Furor Raised Over New Illegal Immigrant Video Game
Game Plots 5 Illegal Teenagers Against ICE Agents
Reporting
Marcia Kramer NEW YORK (CBS) ―
The rules are simple: keep a low profile, don't steal, and most importantly, steer clear of immigration officers.
No, it's not the plotline of the latest action thriller, it's the object of a new video game that's stirring up quite a bit of controversy.
"Beware, there are immigration officers out to get you at every turn," players are instructed. The name of the game, "ICED," is a double-entendre acronym, which in this case, stands for "I Can End Deportation." It pits five teenage characters against another "ICE" in the Immigration and Customs Enforcement Agency.

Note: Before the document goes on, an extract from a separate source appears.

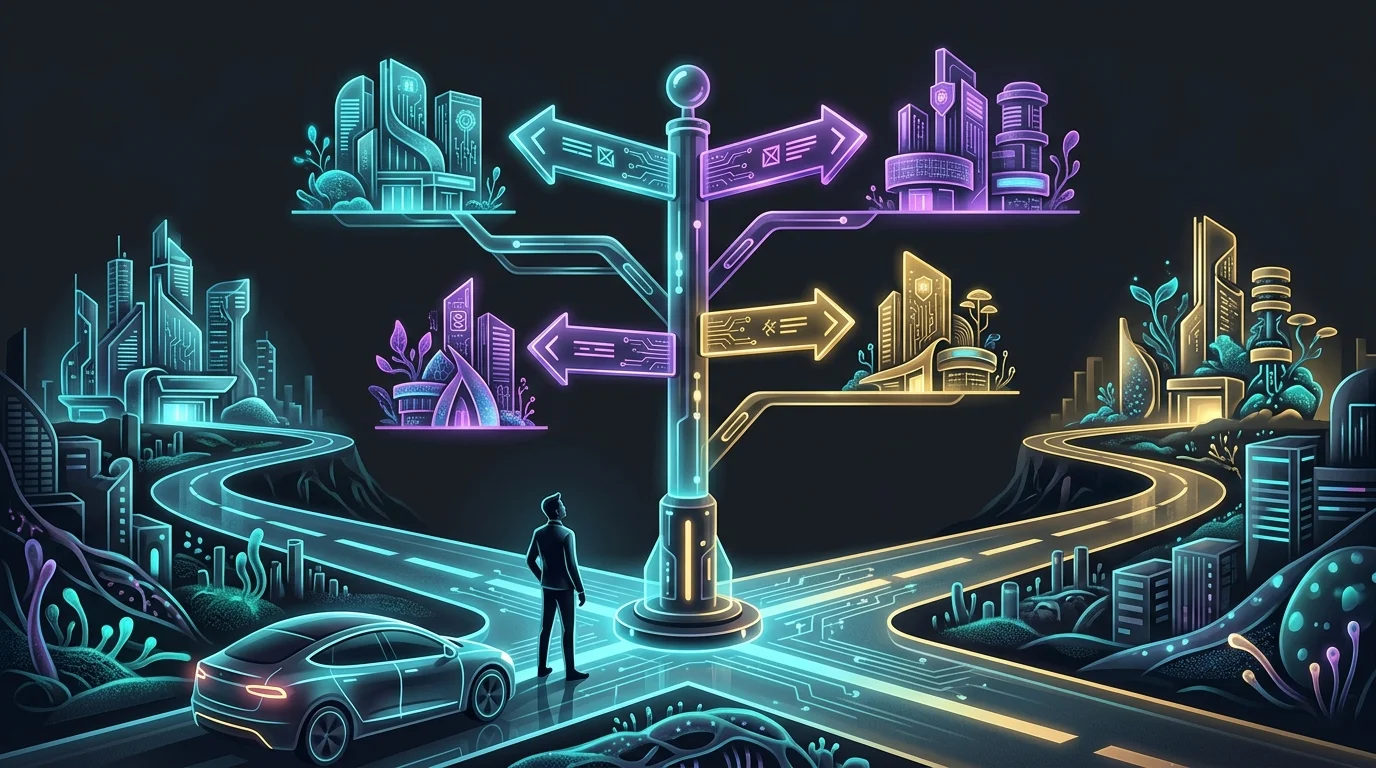 Driver at a crossroads choosing between different car insurance agencies for better coverage rates.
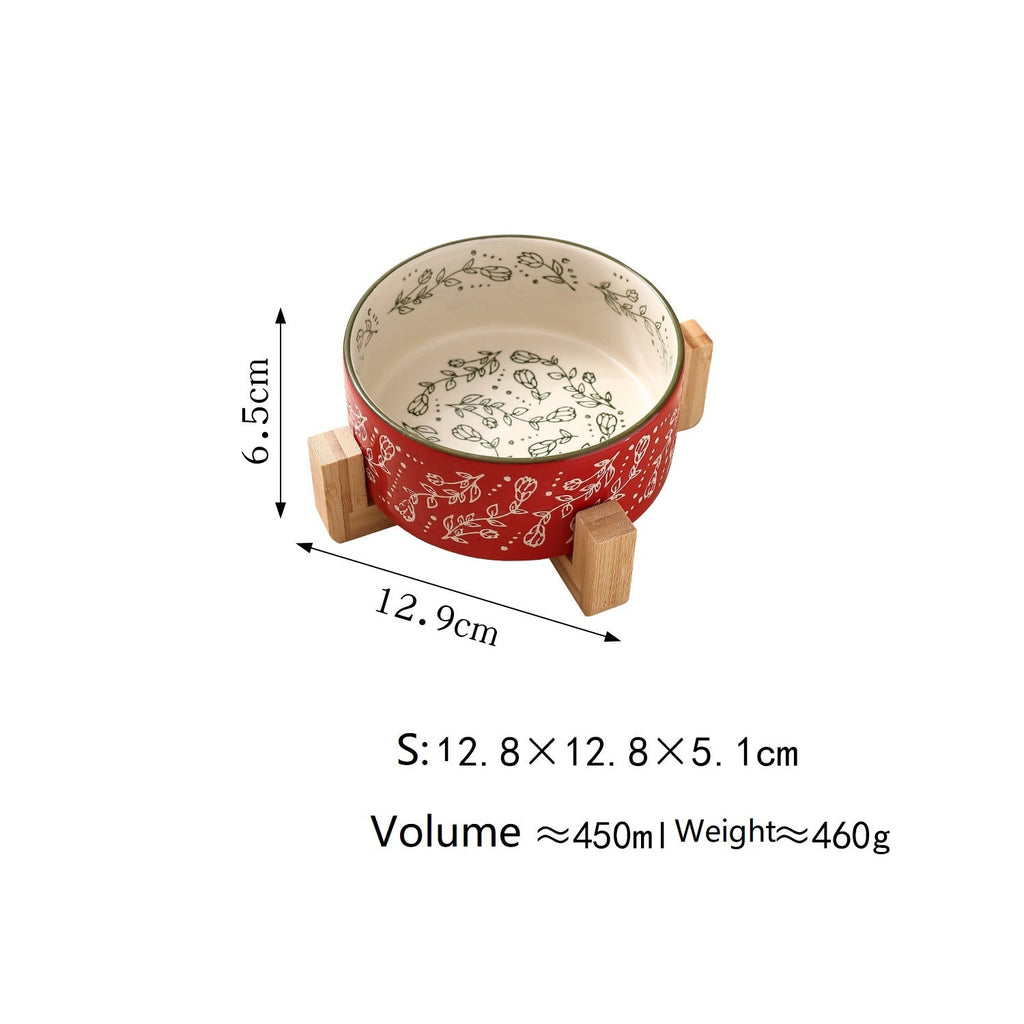 Garden Pattern Ceramic Pet Bowl with Stand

"The aim of the game is trying to figure out how to keep your freedom, how to navigate a very complicated and unfair set of laws to be able to remain a free person in the United States," says Malika Dutt of Breakthrough, an international human rights organization that's putting out the game.
Creators of the game say it's based on the 1996 immigration laws that increased the list of punishable offenses.
"It shows people who don't know much about immigration how unjust it is to be an immigrant," says Daniel Laverde, one of 100 New York City high school students who helped develop the video game.
Supporters think sending a message through a video game is a great idea, but there are some that think it makes a joke of a very serious issue.
"I think that this game reduces the problems of illegal mass immigration to a joke," says Joanna Marzullo of New Yorkers for Immigration Control and Enforcement. "It inculcates our suggestible youth with a sense of sympathy for illegal aliens -- trespassers who should not be in our country to begin with."
But pro-immigration groups disagree, saying the game could create intelligent and appropriate chatter. "I think this game could really be a useful tool to help people think about what the current immigration system is like," says Norman Eng of the New York Immigration Coalition.
While it is of course only a game, federal immigration agents say they're opposed to anything that makes it more difficult for them to do their job.
ICED is set to be released next month.
Meanwhile, state lawmakers in Albany continued their efforts to stop Gov. Eliot Spitzer's administration from issuing driver's licenses to illegal immigrants. State Republicans introduced a bill that would require a Social Security number before a New York driving permit is issued.